I più grandi musicisti si donano esibendosi in 22 ospedali italiani. Il primario del Poma Maurizio Cantore: “Le relazioni fioriscono e migliorano le cure”

 

di Elena Miglioli
Direttore di Mantova Salute

 

Accade che un paziente ricoverato all’ospedale di Mantova per un intervento chirurgico senta una voce lirica in un altro reparto e la segua. La voce lo porta in Oncologia, dove è in corso un concerto. Un soprano sta mettendo un sorriso o una lacrima sul volto di malati, familiari, amici, medici e infermieri. L’aria che si respira è quella di casa.

Accade che il paziente riconosca che a eseguire con eleganza i Lieder di Mozart è Emma Bertagnolli, una delle migliori interpreti italiane di musica barocca. I due si abbracciano, davanti al pubblico attonito. Lui è un tenore che oggi non indossa il costume di scena, ma un pigiama. E decide che per qualche minuto, per qualche ora, anche dentro il pigiama, tornerà a esibirsi e metterà da parte la sua malattia. Un’improvvisata che commuove tutti, lui per primo.

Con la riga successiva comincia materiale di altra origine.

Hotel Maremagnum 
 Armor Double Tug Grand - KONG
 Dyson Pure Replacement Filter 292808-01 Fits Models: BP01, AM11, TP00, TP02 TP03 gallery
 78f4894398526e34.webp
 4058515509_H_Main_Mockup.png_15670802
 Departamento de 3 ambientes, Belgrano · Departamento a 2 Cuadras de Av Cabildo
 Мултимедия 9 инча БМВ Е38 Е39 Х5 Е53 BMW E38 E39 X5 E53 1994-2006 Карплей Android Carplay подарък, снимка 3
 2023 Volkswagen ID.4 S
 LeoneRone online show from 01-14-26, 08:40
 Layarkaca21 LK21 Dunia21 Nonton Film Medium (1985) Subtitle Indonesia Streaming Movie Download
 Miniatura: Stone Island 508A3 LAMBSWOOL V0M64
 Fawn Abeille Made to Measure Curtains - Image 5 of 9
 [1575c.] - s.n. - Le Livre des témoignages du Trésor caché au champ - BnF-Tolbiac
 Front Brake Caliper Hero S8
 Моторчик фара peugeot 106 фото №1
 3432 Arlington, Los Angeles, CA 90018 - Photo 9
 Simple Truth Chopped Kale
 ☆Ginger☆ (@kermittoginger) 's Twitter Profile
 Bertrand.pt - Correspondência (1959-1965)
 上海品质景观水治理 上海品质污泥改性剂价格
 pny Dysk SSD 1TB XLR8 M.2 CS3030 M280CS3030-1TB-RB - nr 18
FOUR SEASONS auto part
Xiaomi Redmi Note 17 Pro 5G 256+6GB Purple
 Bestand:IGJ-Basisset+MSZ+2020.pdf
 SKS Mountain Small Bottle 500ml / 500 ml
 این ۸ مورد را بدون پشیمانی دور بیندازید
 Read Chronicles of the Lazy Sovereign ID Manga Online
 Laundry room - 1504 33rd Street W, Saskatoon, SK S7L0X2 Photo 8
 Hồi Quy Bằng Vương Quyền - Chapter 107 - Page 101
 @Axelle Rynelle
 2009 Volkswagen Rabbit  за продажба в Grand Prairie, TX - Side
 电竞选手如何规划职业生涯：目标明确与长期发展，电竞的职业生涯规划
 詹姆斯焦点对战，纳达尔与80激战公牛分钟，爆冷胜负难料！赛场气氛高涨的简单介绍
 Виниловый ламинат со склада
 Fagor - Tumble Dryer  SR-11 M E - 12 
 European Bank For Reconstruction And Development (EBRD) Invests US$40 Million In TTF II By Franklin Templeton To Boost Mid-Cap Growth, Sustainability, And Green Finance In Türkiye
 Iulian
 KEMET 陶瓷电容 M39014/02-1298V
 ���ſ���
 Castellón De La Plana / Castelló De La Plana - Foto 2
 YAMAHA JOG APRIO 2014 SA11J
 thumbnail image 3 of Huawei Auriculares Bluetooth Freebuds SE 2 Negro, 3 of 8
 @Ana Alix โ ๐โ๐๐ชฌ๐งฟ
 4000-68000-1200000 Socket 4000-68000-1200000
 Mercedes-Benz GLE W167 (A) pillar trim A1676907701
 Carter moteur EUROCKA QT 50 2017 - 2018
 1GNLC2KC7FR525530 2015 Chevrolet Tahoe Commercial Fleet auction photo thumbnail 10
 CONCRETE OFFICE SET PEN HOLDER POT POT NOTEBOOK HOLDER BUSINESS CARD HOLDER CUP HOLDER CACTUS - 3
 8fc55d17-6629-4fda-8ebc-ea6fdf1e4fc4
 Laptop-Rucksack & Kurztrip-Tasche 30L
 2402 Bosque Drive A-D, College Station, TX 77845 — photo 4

Storie di ordinari miracoli in corsia. La musica sorprende, trasforma, unisce. “Consolida le relazioni, facilita la guarigione, rende le cure più tollerabili, permette di sperare e guardare al futuro”, assicura Maurizio Cantore, direttore dell’Oncologia del Poma e presidente di Donatori di musica, associazione che organizza concerti con i più grandi musicisti in 22 ospedali italiani. Una carrellata di popolari interpreti di repertori classici e moderni che offrono il loro talento gratuitamente per alleviare la sofferenza. A Cantore brillano gli occhi quando racconta di come nel 2007 diede vita a questa rete virtuosa, che muove persone ed emozioni su e giù per il Belpaese.

Tutto è nato all’ospedale di Carrara, dove ero primario – ricorda il medico – incontrai Gian Andrea Lodovici, celebre critico musicale e produttore discografico. Aveva un tumore, ma rifutava le terapie. Allora ebbi un’intuizione: ribaltare la prospettiva. Proposi a lui di aiutare me a portare la musica in ospedale. Gli si illuminò subito lo sguardo – continua – e accettò anche di farsi curare. Purtroppo morì dopo alcuni mesi. Ma nel tempo che gli rimase, visse con grande intensità, sulla spinta di questa nuova avventura. Registrò un cd e con il ricavato ci permise di acquistare un pianoforte. Dopodiché passò il testimone al pianista Roberto Prosseda, coordinatore artistico”.

Si parte con Bolzano, con Brescia e via via con altre città. A Mantova i concerti arrivano nel 2014, quando Maurizio Cantore assume l’incarico di direttore della struttura di Oncologia del Poma: “I colleghi erano imbarazzati quando vedevano il pianoforte in sala d’attesa. A un certo punto ho detto loro che se non avessero salutato lo strumento ogni giorno non lo avrei fatto suonare”.

Il primario elenca i benefici di questa straordinaria impresa, sia per le famiglie che per gli operatori: “I parenti tornano da noi anche a distanza di tempo dalla perdita del loro caro, testimonianza che la relazione instaurata è potente e non finisce con il concerto o con il percorso di cura. Ecco la vera alleanza terapeutica, perché bisogna sempre essere insieme a compiere il viaggio. Un chirurgo pancreatico di Verona ha condotto una ricerca in questo ambito, dimostrando un precoce ripresa dopo l’intervento per chi seguiva i concerti. Una paziente mi ha aperto il cuore dicendomi: toglietemi tutto, ma non la musica”. E chi la ferma, la musica?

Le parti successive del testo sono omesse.